Coworking, Clickworking, Crowdworking. Dass diese Begriffe in unserem Vokabular schon gängig geworden sind zeigt, wie weit sich die Digitalisierung in der Arbeitswelt etabliert und sie verändert hat. Aber was bedeuten diese Veränderungen für die Arbeitswelt genau? Fördern sie endlose Flexibilität? Wenn ja, zu welchem Preis? Können alle an diesen Vorteilen teilhaben oder nur eine kleine, exklusive Gruppe von Menschen? Diese und weitere Fragen wurden auf dem "Call it Work"-Track der re:publica TEN diskutiert.

Am Tag 2 der re:publica nahm Andrea Nahles, Bundesministerin für Arbeit und Soziales, an einer “Town Hall”-Diskussion zum Thema Work 4.0 teil. Work 4.0 ist ein von der Bundesregierung geförderter Dialog zum Thema Arbeit und Zukunft. In der Diskussion wies Ministerin Nahles darauf hin, dass sich zwar viele mit der Transformation von Arbeitsplätzen durch Technologien beschäftigen, doch nur sehr wenige besprechen und analysieren, was das für die eigentliche Arbeit bedeutet.
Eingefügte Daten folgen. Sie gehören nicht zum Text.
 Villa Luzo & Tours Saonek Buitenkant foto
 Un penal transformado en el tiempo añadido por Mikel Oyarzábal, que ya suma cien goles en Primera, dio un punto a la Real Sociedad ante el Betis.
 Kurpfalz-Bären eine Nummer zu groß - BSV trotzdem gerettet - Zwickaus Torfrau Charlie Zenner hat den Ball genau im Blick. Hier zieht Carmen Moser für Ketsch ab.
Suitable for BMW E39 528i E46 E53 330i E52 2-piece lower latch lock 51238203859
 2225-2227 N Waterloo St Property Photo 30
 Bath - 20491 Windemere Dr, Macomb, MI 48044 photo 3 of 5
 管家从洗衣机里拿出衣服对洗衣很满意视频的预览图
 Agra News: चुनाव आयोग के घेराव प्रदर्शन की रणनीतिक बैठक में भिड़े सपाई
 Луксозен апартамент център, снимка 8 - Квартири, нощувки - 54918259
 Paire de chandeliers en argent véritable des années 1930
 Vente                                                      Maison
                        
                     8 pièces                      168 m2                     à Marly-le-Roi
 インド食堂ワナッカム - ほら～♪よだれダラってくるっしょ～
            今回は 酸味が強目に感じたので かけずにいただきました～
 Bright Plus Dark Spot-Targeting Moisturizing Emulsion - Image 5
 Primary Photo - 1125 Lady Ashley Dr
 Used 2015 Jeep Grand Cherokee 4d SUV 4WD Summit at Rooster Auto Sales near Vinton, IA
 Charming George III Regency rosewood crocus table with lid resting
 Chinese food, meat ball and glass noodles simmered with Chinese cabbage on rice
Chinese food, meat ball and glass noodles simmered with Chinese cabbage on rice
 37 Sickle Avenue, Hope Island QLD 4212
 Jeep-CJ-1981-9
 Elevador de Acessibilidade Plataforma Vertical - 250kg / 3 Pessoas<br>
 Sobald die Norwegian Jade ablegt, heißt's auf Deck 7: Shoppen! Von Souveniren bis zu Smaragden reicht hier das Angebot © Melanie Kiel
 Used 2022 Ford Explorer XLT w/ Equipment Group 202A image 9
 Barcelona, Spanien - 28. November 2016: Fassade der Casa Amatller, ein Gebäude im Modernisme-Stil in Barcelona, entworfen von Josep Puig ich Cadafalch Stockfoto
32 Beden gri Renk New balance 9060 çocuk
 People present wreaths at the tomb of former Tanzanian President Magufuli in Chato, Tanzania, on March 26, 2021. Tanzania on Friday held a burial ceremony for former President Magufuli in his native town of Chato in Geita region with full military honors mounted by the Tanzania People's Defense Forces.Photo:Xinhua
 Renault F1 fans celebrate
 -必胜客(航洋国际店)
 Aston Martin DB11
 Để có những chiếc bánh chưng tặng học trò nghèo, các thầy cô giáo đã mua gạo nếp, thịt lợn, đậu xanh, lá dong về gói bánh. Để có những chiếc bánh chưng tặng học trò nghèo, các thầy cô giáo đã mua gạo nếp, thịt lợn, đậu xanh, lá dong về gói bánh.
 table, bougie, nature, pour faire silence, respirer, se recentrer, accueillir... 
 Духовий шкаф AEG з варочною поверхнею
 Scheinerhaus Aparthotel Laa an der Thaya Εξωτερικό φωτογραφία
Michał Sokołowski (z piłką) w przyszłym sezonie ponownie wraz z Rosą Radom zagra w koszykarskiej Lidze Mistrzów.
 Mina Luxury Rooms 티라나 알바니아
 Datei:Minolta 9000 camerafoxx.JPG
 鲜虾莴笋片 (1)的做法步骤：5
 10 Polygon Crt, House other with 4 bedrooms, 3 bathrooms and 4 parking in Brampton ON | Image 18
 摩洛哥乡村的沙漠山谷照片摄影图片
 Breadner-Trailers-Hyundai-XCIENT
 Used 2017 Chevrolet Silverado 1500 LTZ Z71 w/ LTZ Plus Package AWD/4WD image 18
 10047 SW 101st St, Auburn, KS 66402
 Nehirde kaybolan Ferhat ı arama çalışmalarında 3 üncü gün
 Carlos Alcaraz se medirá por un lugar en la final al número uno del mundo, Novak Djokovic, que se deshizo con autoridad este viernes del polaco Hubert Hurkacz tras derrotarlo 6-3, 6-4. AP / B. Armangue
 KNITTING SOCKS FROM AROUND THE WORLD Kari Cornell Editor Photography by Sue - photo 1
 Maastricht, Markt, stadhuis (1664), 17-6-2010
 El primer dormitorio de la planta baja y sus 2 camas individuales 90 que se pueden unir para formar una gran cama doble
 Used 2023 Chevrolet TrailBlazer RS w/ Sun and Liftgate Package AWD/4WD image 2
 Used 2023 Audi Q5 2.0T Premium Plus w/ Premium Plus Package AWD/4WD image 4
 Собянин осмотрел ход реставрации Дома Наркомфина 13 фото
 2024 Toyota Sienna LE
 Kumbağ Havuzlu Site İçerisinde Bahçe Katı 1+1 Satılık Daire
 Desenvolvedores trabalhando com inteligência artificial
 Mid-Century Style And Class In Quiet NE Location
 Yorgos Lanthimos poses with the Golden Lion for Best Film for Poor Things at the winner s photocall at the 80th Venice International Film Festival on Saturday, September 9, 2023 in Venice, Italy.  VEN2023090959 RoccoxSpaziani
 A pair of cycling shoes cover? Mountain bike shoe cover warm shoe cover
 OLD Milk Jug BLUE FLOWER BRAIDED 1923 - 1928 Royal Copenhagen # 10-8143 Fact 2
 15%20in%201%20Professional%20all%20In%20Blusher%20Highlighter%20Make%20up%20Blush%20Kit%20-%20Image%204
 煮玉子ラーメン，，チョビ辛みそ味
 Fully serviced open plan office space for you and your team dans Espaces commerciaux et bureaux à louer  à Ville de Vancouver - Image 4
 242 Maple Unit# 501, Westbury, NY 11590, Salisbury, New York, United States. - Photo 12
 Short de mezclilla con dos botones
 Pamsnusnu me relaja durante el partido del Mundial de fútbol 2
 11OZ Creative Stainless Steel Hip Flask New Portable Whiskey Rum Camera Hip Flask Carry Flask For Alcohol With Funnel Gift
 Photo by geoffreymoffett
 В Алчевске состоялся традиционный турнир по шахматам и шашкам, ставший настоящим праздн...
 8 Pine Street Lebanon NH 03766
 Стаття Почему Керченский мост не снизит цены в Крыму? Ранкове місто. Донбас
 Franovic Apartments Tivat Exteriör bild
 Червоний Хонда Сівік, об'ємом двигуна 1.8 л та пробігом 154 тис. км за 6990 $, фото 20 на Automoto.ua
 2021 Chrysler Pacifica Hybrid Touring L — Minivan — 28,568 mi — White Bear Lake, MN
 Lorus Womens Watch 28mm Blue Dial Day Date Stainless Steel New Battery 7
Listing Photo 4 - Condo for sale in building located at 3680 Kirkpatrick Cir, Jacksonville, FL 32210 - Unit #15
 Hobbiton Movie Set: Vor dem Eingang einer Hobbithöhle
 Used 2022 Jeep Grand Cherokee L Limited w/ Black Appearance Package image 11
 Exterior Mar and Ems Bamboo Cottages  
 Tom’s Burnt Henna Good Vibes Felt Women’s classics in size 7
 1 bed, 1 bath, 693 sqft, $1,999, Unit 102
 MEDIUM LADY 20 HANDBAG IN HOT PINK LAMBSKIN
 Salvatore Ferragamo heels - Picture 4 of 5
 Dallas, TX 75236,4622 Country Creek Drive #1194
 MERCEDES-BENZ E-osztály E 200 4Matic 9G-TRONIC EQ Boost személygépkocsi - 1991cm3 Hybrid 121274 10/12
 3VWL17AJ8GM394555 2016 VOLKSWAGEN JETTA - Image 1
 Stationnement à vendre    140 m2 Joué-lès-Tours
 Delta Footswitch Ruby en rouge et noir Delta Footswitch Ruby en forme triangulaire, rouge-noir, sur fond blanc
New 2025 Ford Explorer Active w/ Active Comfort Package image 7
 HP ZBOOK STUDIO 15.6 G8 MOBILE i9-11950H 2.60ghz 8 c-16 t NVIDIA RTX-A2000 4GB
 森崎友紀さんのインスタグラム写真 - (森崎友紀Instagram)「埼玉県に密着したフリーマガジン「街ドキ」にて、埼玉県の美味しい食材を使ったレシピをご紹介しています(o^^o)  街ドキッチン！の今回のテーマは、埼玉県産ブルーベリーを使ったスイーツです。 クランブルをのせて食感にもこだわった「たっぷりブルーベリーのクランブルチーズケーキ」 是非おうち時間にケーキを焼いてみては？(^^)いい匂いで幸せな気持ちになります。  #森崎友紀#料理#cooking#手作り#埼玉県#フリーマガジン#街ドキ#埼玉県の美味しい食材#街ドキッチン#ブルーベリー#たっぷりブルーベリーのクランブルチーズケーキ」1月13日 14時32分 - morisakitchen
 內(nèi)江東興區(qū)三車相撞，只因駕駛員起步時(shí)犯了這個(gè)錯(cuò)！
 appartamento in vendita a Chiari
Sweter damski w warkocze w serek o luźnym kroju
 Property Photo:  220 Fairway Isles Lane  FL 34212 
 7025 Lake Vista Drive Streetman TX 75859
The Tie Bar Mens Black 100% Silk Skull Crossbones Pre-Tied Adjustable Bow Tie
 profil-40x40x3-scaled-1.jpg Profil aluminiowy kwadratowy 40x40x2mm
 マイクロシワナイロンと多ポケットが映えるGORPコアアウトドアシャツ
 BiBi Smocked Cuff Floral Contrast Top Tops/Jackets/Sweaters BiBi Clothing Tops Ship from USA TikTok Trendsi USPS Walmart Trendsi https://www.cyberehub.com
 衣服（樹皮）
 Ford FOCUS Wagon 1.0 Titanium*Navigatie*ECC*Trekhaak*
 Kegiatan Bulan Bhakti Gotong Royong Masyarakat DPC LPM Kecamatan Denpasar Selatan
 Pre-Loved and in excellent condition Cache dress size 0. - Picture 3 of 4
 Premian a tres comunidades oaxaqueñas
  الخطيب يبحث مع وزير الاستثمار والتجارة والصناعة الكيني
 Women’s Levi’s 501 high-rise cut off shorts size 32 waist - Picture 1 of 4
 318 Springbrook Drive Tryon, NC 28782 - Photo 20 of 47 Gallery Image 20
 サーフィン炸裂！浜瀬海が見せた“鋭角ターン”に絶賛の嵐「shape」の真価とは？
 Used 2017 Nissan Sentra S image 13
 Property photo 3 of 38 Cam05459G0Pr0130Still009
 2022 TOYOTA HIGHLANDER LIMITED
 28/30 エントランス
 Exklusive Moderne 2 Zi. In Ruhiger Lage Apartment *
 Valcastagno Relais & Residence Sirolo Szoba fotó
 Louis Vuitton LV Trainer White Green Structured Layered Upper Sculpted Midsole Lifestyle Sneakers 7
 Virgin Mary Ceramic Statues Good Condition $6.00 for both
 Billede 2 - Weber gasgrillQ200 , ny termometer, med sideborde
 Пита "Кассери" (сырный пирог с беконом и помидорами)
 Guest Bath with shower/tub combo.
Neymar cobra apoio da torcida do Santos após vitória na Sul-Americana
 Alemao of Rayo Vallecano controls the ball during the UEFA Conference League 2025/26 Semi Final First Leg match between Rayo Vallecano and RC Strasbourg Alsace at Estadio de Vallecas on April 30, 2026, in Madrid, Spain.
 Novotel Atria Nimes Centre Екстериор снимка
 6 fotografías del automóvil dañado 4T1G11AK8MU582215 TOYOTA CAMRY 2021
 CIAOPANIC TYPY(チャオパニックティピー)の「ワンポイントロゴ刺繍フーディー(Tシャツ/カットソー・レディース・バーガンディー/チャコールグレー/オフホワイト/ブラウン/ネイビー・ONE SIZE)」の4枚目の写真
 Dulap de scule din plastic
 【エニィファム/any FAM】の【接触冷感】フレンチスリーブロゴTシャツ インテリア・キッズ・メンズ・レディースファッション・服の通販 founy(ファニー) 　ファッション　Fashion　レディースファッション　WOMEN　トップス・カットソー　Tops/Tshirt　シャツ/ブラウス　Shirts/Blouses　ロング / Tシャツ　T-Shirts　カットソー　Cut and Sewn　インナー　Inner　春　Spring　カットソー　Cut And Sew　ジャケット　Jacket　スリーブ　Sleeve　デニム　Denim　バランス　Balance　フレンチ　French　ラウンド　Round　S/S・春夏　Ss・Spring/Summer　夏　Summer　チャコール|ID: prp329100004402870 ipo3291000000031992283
Wird zum Beispiel die digitale Ära für flexible Arbeitsstunden für alle Beschäftigte sorgen und nicht nur für die so genannten “Digital Natives”? Weitere Diskussionspunkte der Town Hall waren die Rechtslage von Coworking Spaces, wie Firmen mehr Menschen mit Behinderungen einstellen können und wie Regierungen auf die Möglichkeiten von maschinellem Lernen und immer leistungsfähigeren Algorithmen – die möglicherweise Millionen von Arbeitsplätzen verändern oder sogar überflüssig machen könnten – reagieren sollten.

Das Wirtschaftssegment der “Sharing Economy” wächst von Jahr zu Jahr und wird von neuen Unternehmensformaten wie Uber und AirBnB angetrieben. Aber je mehr diese Firmen wachsen, desto mehr verlieren sie ihre demokratischen Prinzipien. In seiner Keynote “How Platform Cooperativism Can Unleash the Network” diskutierte Trebor Scholz, Professor für Kultur und Medien an der New School in New York, wie der Begriff “Sharing Economy” eine Fehlbezeichnung geworden ist. "Sharers", also Teilende, werden selbst geteilt und ihre Vorteile von diesen Firmen mehr und mehr abgegriffen anstatt gerecht „geshared“. Als Alternative zu diesem System stellte Scholz die Plattform-Kooperative vor. Warum sollten wir unbedingt auf Plattform aus dem Silicon Valley angewiesen sein, um Sharing Services zu nutzen? Scholz plädiert dafür, dass wir die Technologien und Konzepte hinter diesen Firmen nutzen, ihre Konzernstrukturen jedoch weglassen und durch organisierte Kooperativen ersetzten. Selbstgebaute Plattformen könnten der Schlüssel sein, um gesellschaftliche Prinzipien und gemeinschaftlichen Wohlstand zu realisieren.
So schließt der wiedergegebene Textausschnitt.